Heureusement, il y a aujourd’hui de rares, mais importants, bienfaiteurs comme Pierre Bourgie, 56 ans, qui est derrière la superbe salle de concert intégrée à l’ancienne église. Il y a aussi Michel de la Chenelière, 67 ans, qui a aidé à financer le nouveau pavillon du MBAM, qui sera doté d’un atelier international d’éducation et d’art-thérapie qui portera son nom.

Mais comme ces « jeunes » mécènes sont peu nombreux, le Musée s’est affairé à lancer toutes sortes d’initiatives auprès des générations suivantes, comme le Cercle des jeunes philanthropes (moins de 40 ans), qui compte déjà 400 membres (de moins de 40 ans). Et le tout récent Cercle des anges, créé jeudi soir dernier (pour les plus de 40 ans).

« La philanthropie change, elle s’élargit, m’indique Nathalie Bondil. Il y a eu les grandes corporations, il y a eu quelques grandes fortunes individuelles. Et de plus en plus, il y a des gens de toutes les couches de la société, des petits, des moyens et des grands philanthropes, des gens qui acceptent de mettre la main à la poche pour nous aider, même s’ils n’ont pas des fortunes extraordinaires. »

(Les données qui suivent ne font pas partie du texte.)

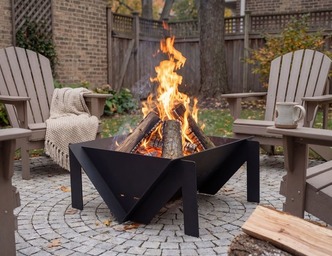 Quadro M 31" Fire Pit. DXF files for laser, plasma cutting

Il n’y aura donc peut-être plus jamais de grand Michal Hornstein, mais le Musée s’assure qu’il y ait plein de petits Hornstein, qui contribueront à leur tour au développement de cette institution d’exception.

*Propriétaire de La Presse

POUR ALLER PLUS LOIN : 

Les Publications du Québec lancent ces jours-ci Architectures d’exposition au Québec, un superbe livre dirigé par les architectes Jacques Plante et Nicholas Roquet, dans lequel Nathalie Bondil décortique l’architecture de son musée, qui se caractérise selon elle « par son curieux développement organique à la recherche d’une unité introuvable ». À lire.